Re: [MacPerl] Sorting lines in a file



on 5/20/99 8:51 AM, Chris Nandor wrote...

>At 19.19 -0400 1999.05.19, Scott Prince wrote:
>>#!perl
>>@lines = ('a\tb\tc',
>>          'e\ta\tz',
>>          'x\ty\ts',)
>>$sortby = '2'; # or whatever field you want
>>@listrefs = map { [$_, (split(/\t/, $_))[$sortby] ] } @lines;
>>@newrefs  = sort { $a->[1] cmp $b->[1] } @listrefs;
>>@lines     = map { $_->[0] } @newrefs;
>>foreach $l (@lines) { print qq!$l\n!; }
>>exit;
>
>That uses the great Schwartzian Transform (map sort map) technique, but it
>would likely be more efficient if you didn't assign to a new variable each
>step.
>
>@lines =  map { $_->[0] }
>          sort { $a->[1] cmp $b->[1] }
>          map { [$_, (split(/\t/, $_))[$sortby] ] }
>          @lines;

Nice :)

>Not a huge deal, but might get some sizable wins on larger data sets, as
>assigning a large list to an array can be a drag if you don't need to do it.

Just for fun one night, I timed various sort routines on a largish file 
and found that the fastest sorts were never the ones I would have 
guessed.
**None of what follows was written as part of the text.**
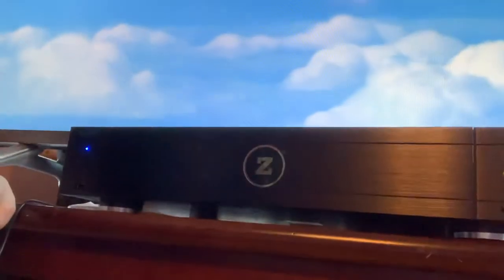So what does the Zapiti do? It's a media player. When I make a backup of my 4K movies and put them on my computer, at that point I could only watch the 4K image on my computer — I couldn't get it to my TV. The Zapiti lets you take those files and put them on an internal or external hard drive connected to the unit. Let me show you — this is my Zapiti. It's got a big Z on it.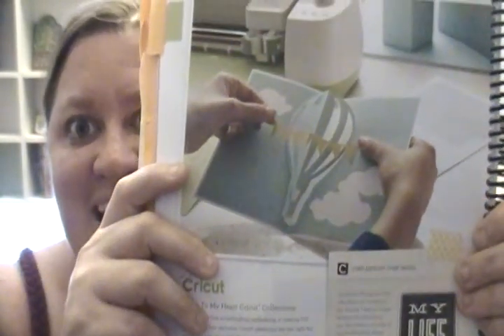Hi guys, it's Jessica from Crafted and Stampin' Up! Blogspot.com and boy do I have news for you. Guess what finally came out today — Artfully Sent! The Artfully Sent Cricut Cartridge is officially out. How awesome is that? Are you so excited? Because I know I am.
I'll have to give yours a try. I also wonder about the memory 
requirements for a large data set. But for measuring memory requirements, 
the only indicator I know of is when Perl crashes, as a result, I have 
developed an aversion doing to this type of test. 


Scott


>--
>Chris Nandor          mailto:pudge@pobox.com         http://pudge.net/
>%PGPKey = ('B76E72AD', [1024, '0824090B CE73CA10  1FF77F13 8180B6B6'])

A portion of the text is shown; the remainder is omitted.